I don't know yet, really. If anyone has any ideas about activities we should do, please let me know.
But probably, because we'll need more room, there'll be fewer tickets on sale. And the tickets might be a little more expensive because we'll be providing you with ingredients or locks or arduinos or something. And we might ask you to bring cooking equipment or ingredients or musical instruments with you.
I'm really selling this aren't I?
Anyway, like I say, that's the rough plan. I will let you know more. Tickets on sale soonish.
There will still be bunting.
I've got to do a talk in a couple of weeks and I think it's going to be about screens. A varient on this piece from The Observer but perhaps a bit more optimistic.
So now, of course, I can't help seeing screens wherever I go. This is possibly the cheapest I've seen to date. A Sponge Bob "Multi Image Projector Pop" (that's what it says on the side).
It's like a small, cheap, externalised ViewMaster, without the 3D. Or something. It's a sweet dispenser with a screen built in as the disposable gimmick.
That's the future for screens - disposability. Ubiquity through gimmickry.
I think Matt talked about this during his Royal Institution talk. The way that toys have cutified over the years - our predisposition for big eyes and bright colours 'evolving' each generation of toys to be cuter than the last. (See, for instance, this post about the cutification and sexualisation of My Little Pony).
We saw these Yoo Hoos in Hamley's window. I like the look of them. But I can't help wondering how outlandish they'd have looked 20 years ago.
I think I remember watching The Man Who Fell To Earth late night on BBC2 at some point in the 80s. when there were only 4 TV channels in the UK. I don't remember being hugely impressed with the film but Mr Bowie's growing collection of TV screens bowled me right over. Given how much it's stuck in my head I'm surpised I only dug it out again the other week.
They seemed to represent such profligacy and power. All those screens! All those channels! How much you would know if you watched them all! What a way to live a life. This was probably the same phase of life where I wanted to be Clive James - watching TV all the time and being witty and clever about it in The Observer.
In my head his final assemblage of screens filled a room - vast, blinking, unknowable.

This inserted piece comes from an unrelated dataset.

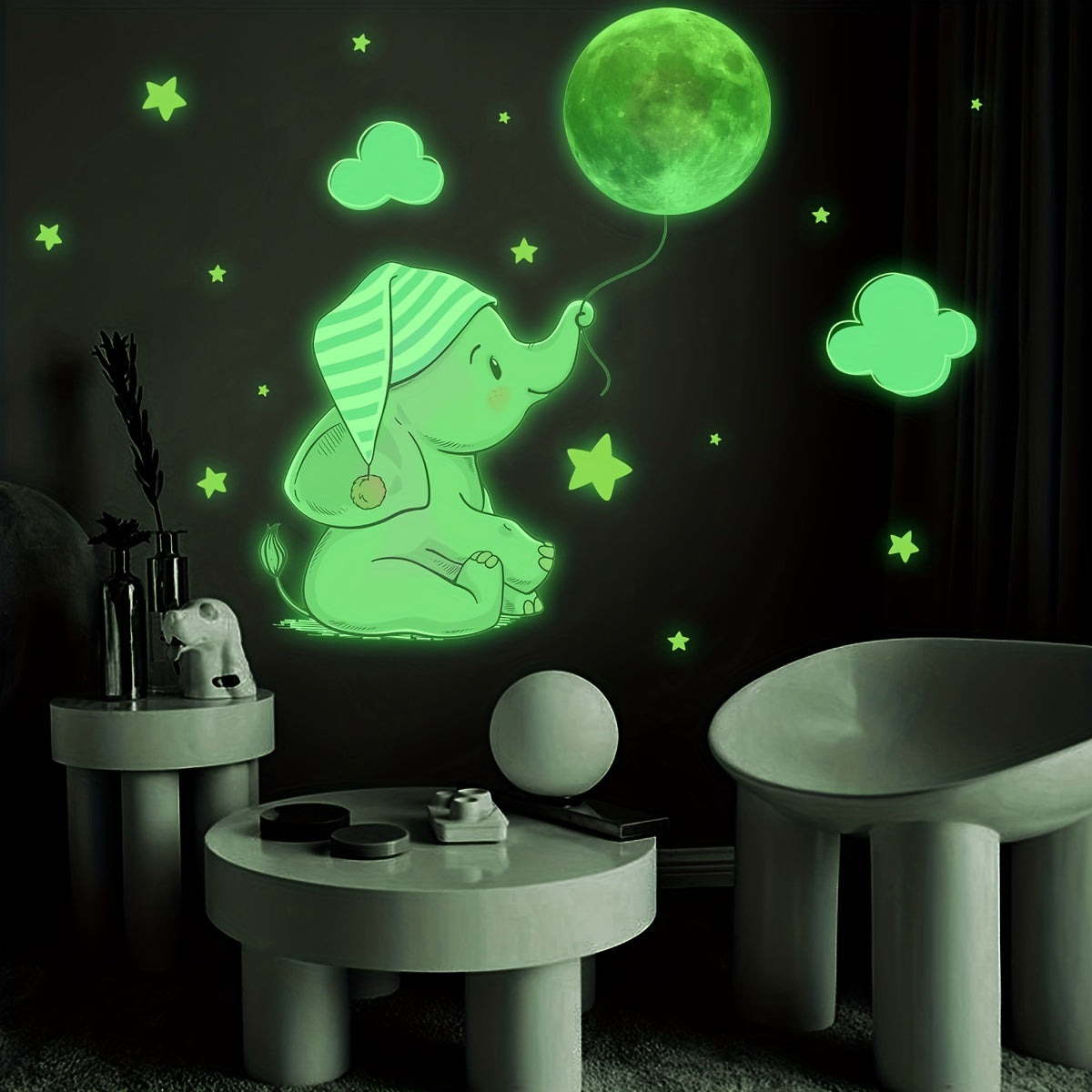 18pcs Luminous Baby Elephant Moon Star Children's Room Wall Sticker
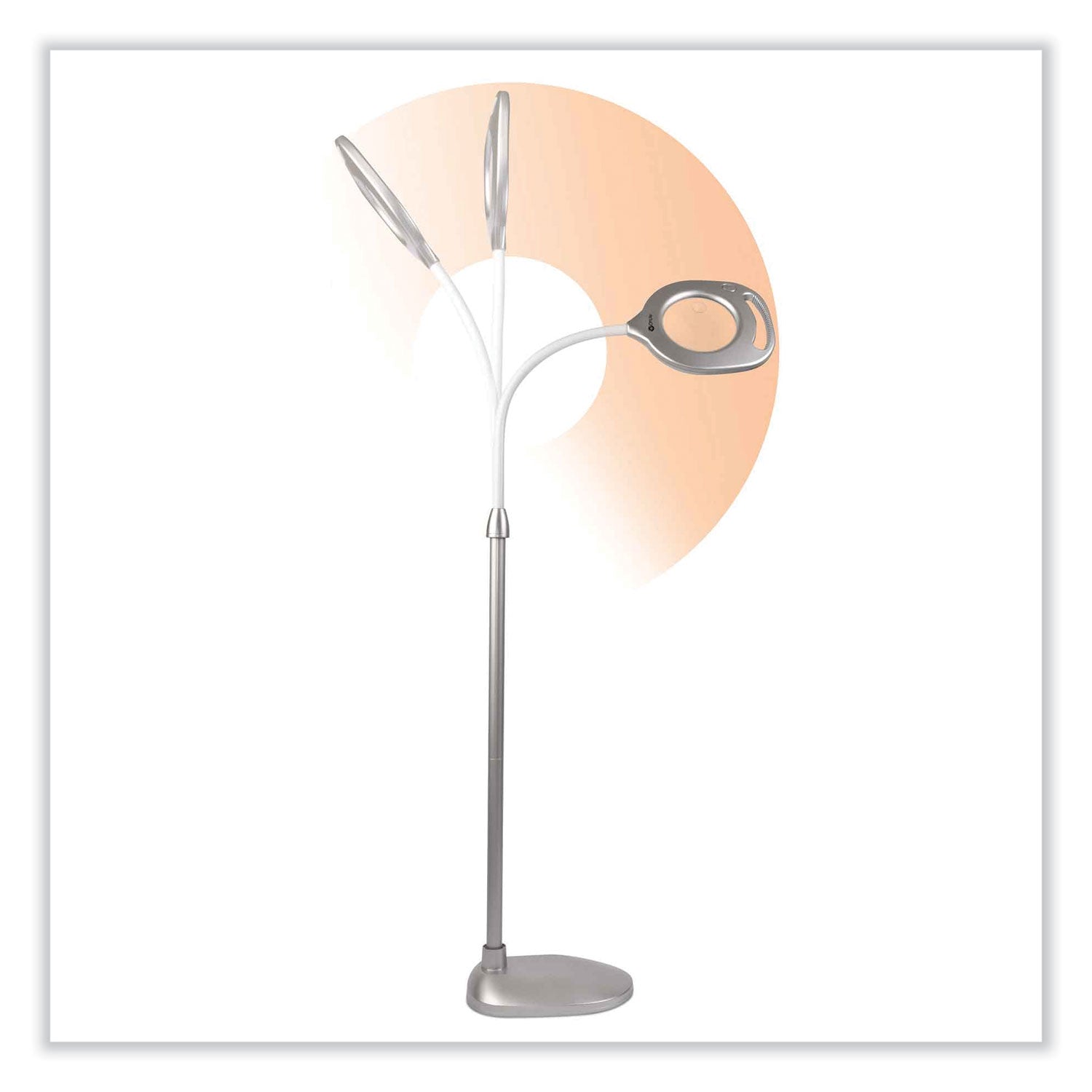 2-in-1 LED Magnifier Floor and Table Light, 39.5" High, Silver/White, Ships in 4-6 Business Days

Actually, now, it looks rather pathetic. You see bigger displays in shopping centres. Just twelve channels.
A few years later we went to Graceland and I remember being similarly impressed by Elvis' TV Room - and that only featured three channels. Perhaps it was the simultaneity of it that was so thrilling. Three screens at once!
These days you need a full-fledged mission control, or the Eye of Cy from Interface to deliver the same effect. Maybe that's what I'm trying to build.
I was watching 2010 the other day (a year late, typical) and I couldn't help noticing the design of the instrument panels - all those buttons in blocks of colour. I'm not sure I've ever seen anything that looks like this. It's beautiful. Does this pattern ever happen in real life?
The closest analogue I could think of is Roland's habit of doing something similar with drum machines and I guess some editing desks and keyboards do this a bit. But I've never seen anything this extreme.
I'd rather be in this Soviet sweetie box than the antiseptic restraint of the Discovery.